Here we go again. This time, I am asking about the Young Avengers. I have no problem with a team of teenagers styled (more or less) after the Avengers. Kate Bishop and Patriot are very intriguing characters – though by now Patriot is a full-fledged Avenger and Kate is still too young for that. Having Cassie Lang become a super heroine was a nice touch, and I hope that she comes back at some point. (I am well aware that hardly anyone in Marvel comics is permanently killed.)
No, my problem this time is the temptation some may have to turn the Young Avengers into sidekicks for the Avengers. This seems to be the direction things are headed, with Hawkeye pushing the rest of the team to mentor the youths.
Don’t misunderstand; giving the Young Avengers lessons in the dos and don’ts of super hero life is fine. But having them tag along behind a particular Avenger on a mission (as Kate Bishop recently did with Hawkeye) is walking into the territory of DC comics.

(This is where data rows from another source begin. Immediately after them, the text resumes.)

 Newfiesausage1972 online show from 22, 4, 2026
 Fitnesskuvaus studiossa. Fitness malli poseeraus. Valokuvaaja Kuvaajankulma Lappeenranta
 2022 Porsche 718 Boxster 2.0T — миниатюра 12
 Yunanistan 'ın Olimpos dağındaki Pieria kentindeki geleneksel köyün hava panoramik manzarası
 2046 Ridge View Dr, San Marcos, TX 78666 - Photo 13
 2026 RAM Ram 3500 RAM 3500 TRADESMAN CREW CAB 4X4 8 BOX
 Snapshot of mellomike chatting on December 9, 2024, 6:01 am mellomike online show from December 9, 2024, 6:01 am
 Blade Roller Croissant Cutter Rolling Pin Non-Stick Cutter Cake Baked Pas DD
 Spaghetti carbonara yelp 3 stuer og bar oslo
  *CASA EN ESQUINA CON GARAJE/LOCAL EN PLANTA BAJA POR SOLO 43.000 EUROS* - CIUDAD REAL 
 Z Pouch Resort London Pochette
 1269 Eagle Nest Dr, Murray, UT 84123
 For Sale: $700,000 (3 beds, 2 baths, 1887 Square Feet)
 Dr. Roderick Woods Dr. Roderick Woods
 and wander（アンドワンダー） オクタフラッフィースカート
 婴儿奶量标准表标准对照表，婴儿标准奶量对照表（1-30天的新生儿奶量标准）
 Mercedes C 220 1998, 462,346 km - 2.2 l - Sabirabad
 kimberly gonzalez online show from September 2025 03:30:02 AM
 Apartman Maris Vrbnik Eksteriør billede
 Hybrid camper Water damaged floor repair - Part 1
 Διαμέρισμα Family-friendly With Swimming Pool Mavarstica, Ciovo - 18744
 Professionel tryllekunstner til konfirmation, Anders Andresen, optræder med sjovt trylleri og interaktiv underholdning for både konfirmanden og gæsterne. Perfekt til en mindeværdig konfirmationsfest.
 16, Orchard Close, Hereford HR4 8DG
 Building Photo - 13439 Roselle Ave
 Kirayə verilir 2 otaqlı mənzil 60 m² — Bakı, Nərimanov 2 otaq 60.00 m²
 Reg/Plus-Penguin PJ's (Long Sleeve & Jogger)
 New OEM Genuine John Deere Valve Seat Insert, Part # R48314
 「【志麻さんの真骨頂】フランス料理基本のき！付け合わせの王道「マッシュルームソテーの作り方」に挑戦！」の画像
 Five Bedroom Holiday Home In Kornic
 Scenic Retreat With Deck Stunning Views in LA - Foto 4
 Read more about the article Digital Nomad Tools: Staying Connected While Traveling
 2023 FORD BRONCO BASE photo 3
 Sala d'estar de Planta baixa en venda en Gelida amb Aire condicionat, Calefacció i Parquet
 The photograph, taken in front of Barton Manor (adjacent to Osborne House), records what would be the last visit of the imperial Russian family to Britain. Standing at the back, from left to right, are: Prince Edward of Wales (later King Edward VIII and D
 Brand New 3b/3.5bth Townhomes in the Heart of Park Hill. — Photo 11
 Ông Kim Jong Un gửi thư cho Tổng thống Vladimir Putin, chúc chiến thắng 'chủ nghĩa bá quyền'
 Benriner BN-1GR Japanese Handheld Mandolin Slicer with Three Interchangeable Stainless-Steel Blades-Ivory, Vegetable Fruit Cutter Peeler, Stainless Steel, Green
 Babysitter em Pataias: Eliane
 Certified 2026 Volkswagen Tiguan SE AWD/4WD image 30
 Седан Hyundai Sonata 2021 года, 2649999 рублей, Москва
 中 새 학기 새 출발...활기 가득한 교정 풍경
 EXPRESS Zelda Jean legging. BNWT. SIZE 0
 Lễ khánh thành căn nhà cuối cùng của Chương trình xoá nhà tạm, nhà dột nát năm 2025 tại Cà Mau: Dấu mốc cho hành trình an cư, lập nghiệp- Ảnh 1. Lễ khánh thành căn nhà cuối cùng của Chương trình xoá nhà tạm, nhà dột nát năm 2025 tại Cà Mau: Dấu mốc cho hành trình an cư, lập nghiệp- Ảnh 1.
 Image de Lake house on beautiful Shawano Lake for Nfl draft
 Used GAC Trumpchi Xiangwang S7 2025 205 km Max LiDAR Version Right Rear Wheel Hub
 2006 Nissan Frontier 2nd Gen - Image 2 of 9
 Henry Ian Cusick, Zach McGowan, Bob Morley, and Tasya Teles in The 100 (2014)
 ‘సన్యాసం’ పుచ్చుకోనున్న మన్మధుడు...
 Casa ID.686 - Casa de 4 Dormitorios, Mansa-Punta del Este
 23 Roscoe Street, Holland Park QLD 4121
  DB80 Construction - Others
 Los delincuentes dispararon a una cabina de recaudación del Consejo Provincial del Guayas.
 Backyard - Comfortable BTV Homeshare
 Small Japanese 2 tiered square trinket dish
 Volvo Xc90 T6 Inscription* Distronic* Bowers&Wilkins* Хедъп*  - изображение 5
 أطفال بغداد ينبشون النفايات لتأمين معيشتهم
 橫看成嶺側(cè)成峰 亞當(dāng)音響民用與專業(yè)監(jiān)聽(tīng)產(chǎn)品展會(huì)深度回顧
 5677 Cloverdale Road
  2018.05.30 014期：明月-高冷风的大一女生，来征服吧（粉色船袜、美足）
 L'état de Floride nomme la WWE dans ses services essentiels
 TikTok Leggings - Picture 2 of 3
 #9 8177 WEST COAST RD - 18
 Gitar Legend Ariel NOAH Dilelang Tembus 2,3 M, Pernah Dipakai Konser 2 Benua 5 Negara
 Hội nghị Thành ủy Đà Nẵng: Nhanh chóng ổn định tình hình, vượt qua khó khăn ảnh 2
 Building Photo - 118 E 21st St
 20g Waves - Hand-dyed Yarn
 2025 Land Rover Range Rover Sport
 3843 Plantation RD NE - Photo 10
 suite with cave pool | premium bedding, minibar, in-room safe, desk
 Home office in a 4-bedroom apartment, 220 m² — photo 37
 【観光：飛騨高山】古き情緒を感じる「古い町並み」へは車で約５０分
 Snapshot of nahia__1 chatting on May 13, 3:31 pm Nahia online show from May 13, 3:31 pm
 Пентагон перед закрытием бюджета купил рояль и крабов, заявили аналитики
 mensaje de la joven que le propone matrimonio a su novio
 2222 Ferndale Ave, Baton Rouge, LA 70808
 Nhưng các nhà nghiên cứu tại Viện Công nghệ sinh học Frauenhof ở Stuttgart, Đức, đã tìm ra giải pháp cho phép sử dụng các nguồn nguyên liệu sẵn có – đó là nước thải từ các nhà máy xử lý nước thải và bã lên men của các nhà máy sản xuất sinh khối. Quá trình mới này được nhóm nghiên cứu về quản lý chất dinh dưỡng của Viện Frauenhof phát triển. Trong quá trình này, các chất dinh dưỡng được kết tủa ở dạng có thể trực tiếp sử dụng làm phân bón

With all due respect, why not make it official that the Young Avengers, while still under the umbrella of the actual Avengers, are not sidekicks? After all, that’s what others did with Professor Xavier’s New Mutants. They were taught at the X-Mansion, by X-Men, but one New Mutant was never attached to one X-Man as a combat partner unless the two teams were in the same fight and battle required it. The same set up could work out this way for the Avengers.
The reason I bring this up is sidekicks are to superheroes what adverbs are to verbs: crutches. Adverbs are used to prop up a weak verb. So sidekicks, from time to time, are used to prop up superheroes.
This, to me, seems to be another reason why Stan Lee ‘killed’ off Bucky Barnes in the early comics. Captain America was already a strong character by the time Lee made Bucky’s demise official. So if he was always checking on Bucky’s condition or was looking to him for advice every second panel, it would have diminished Cap’s ability to stand on his own. And so, just as Batman frequently has to take care of Robin, Cap would have been in similar situations fairly often with Bucky.
Understandably, this would not have worked for Cap. Steve Rogers had to be, and still must remain, a leader in his own right. He couldn’t and can’t keep second guessing himself every few panels, especially not to a fifteen year old boy. It would have been ridiculous and demeaning to the character if Lee had left Bucky in the story. So Stan Lee tossed Bucky out; and Bucky has subsequently returned to the comics as the Winter Soldier, a rather strong character in his own right. Cap and Bucky remain on good enough terms with each other, but one no longer acts as a crutch to the other.
The Young Avengers, to my mind, should be given a similar durability test. The Avengers are strong enough that saddling them with a sidekick would be both silly and humiliating.